Question

Assume that total output is determined by this formula: TOTAL OUTPUT = NUMBER OF WORKERS X PRODUCTIVITY assume there are 100 workers and each worker produces $100 of output. QUESTION: If the workforce is growing by 1% a year but productivity does not improve, how fast can output increase? Remember, the number of workers grows by 1%. Productivity does not change. Also remember the percentage change formula which is: [(new value - original value) / original value] x 100

a1%

b 3%

c2.3

d % $10,500

e $62.50

Answer 1

Given formulas - Total Output = Number of Worker * Productivity.

Total number of workers = 100

Each worker produces $100 of output.

Productivity of each worker = Output produced/input = $100/1 = $100

Total Output = 100 * 100 = $10000

1% growth in labor = 1/100 * 100 = 1 (So if we consider a growth of 1% labor for a year, labor number rises to 101 the next year.)
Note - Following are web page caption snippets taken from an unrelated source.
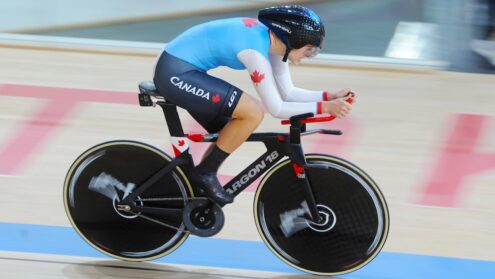 Tokyo 2020 Day 2 Paralymic Games schedule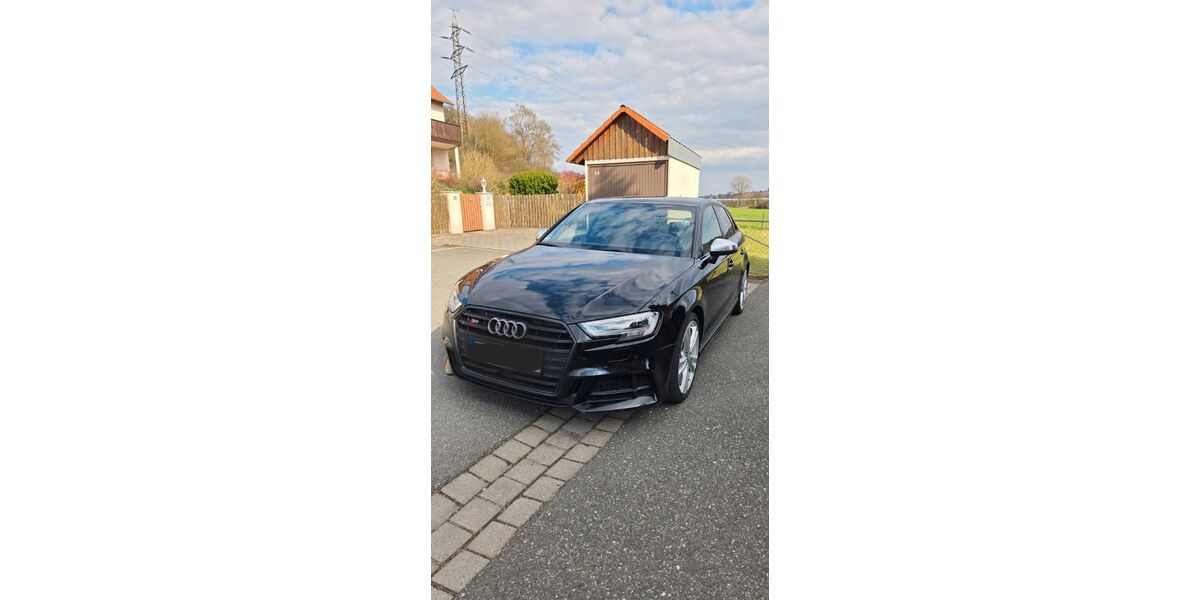 Audi S3 205.000 km 19.950 &euro; Zirndorf 90513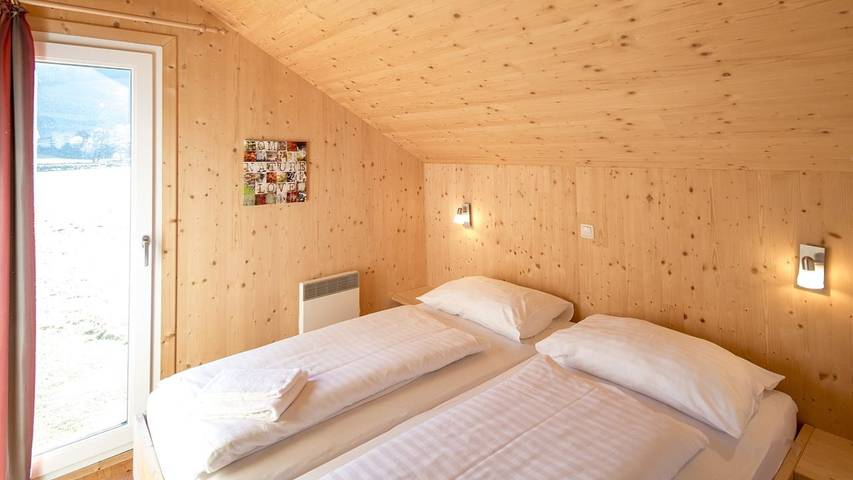Chalet für 10 Personen, mit Sauna und Garten in Murau - 4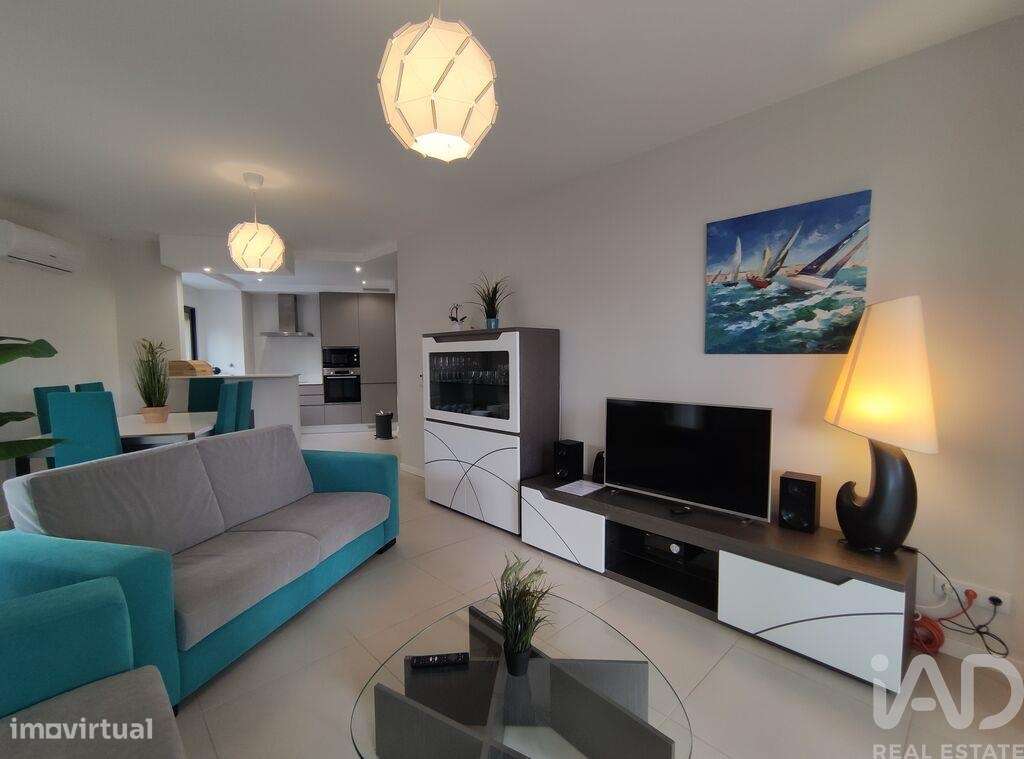 Apartamento T2 em Alvor de 85,12 m2 - Grande imagem: 5/30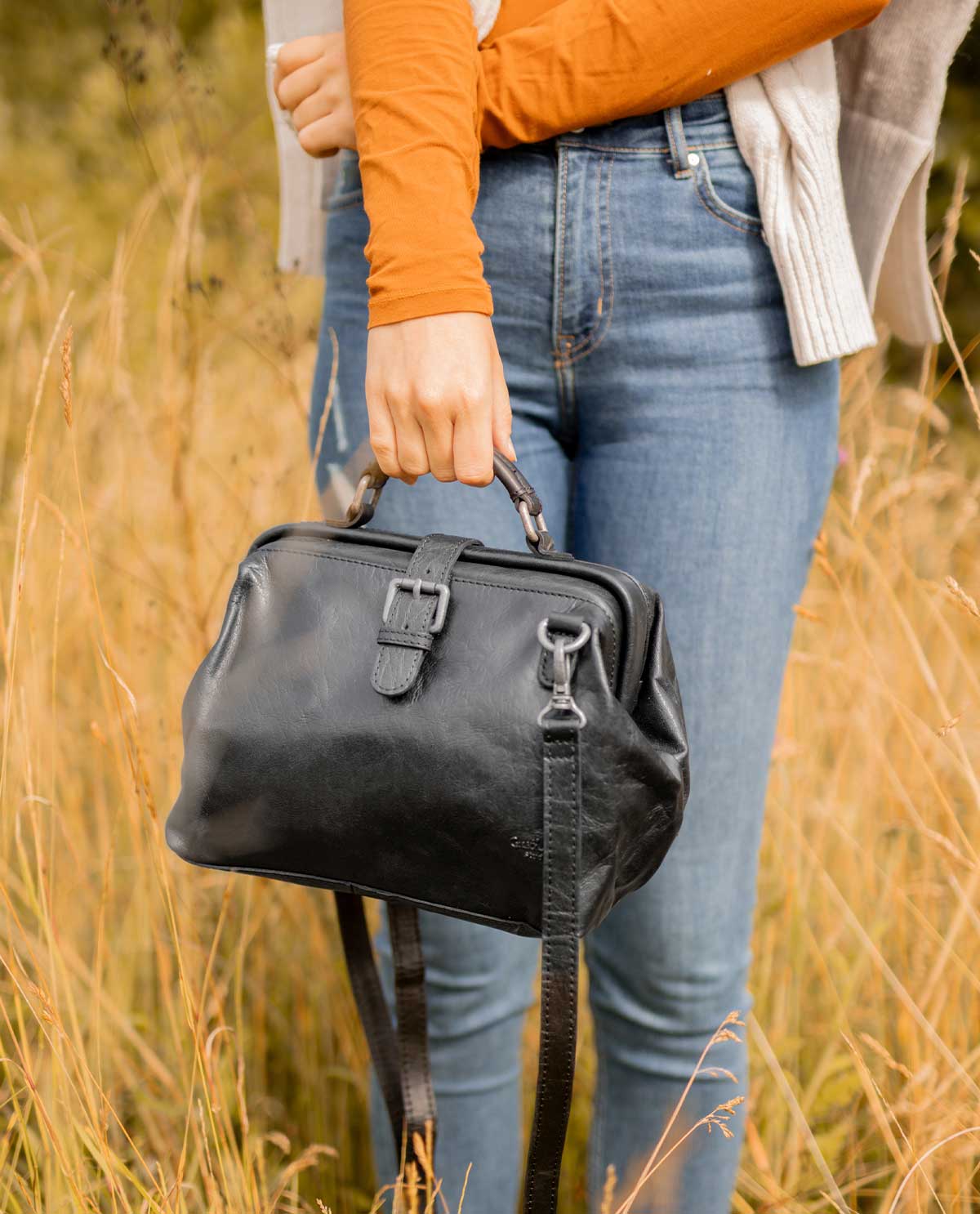 Outlet Handtasche - Image 3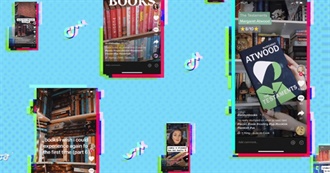 Popular BookTok Books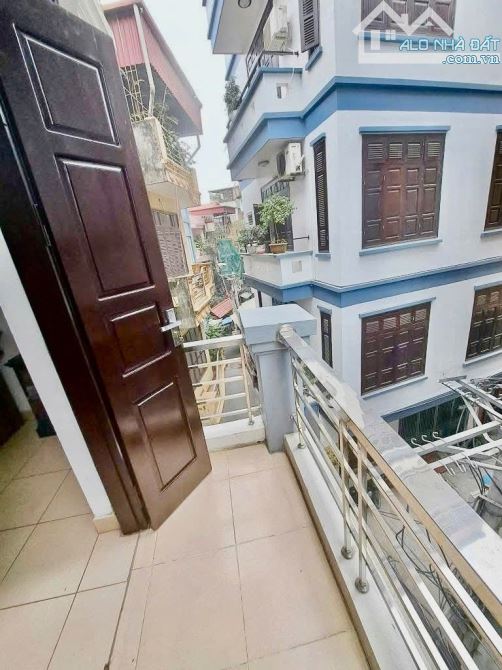 💥 BÁN NHÀ PHÚ DIỄN 63m² – Ô TÔ TRÁNH – LÔ GÓC 3 THOÁNG – KINH DOANH ĐỈNH – GIÁ 14.8 TỶ - 4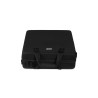 UDG U 8495 BL Housse Noire Pour Pioneer DJM-A9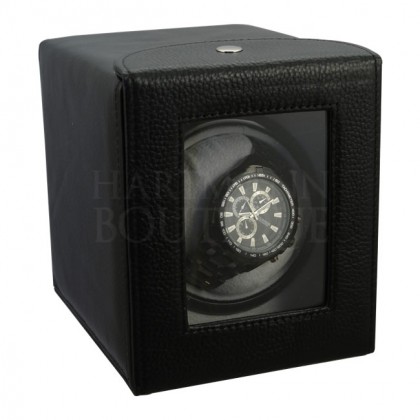 Шкатулка для подзавода часов LuxeWood LW211-1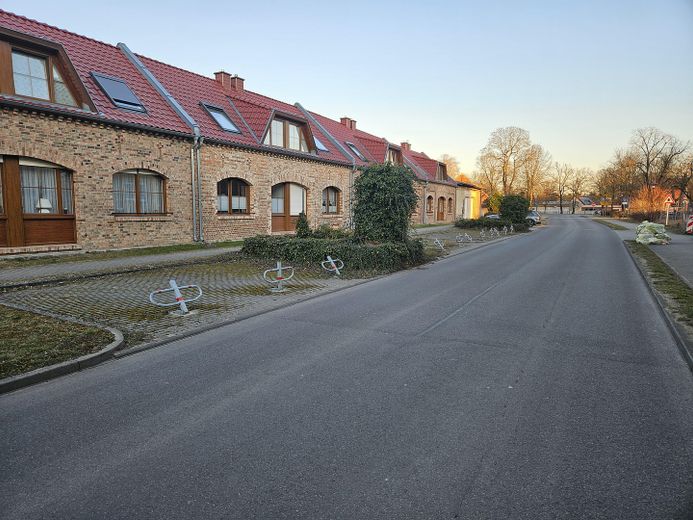 19 Stellplätze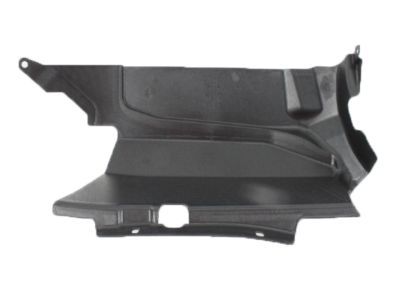 Dodge 5116057AC SHIELD Accessory Drive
New Total Output for the next year given productivity is unchanged = 101*100 = 10100

Growth rate of output is percentage change in output when labor grew by 1%

= (10100-10000)/10000 * 100 = 1%

Hence if labor grows by 1 percent and productivity is unchanged then output is likely to grow by 1%

Hence option a - 1% is correct.

Based on our calculations we easily infer that the other options must be incorrect.

Note we dont really need to find productivity here as I have. We can keep it as a constant C and then observe the change is output with change in labor by 1%. The result will regardlessly be same.